(Input material Opens)
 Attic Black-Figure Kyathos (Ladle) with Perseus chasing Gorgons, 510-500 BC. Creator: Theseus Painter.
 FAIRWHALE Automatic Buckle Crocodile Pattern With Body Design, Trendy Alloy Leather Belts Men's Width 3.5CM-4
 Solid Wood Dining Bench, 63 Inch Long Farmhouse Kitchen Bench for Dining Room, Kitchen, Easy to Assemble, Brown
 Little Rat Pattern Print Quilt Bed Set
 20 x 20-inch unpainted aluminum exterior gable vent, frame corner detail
(Input material Closes)
(Input material Opens)
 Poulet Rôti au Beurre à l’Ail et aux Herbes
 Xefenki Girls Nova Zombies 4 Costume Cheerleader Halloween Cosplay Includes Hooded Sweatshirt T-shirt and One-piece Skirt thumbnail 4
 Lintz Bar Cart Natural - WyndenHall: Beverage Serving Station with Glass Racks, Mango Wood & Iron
(Input material Closes)
For the entries above, please state how many lines contain the string "Pattern"; give the number and nothing else.

* Written response:
2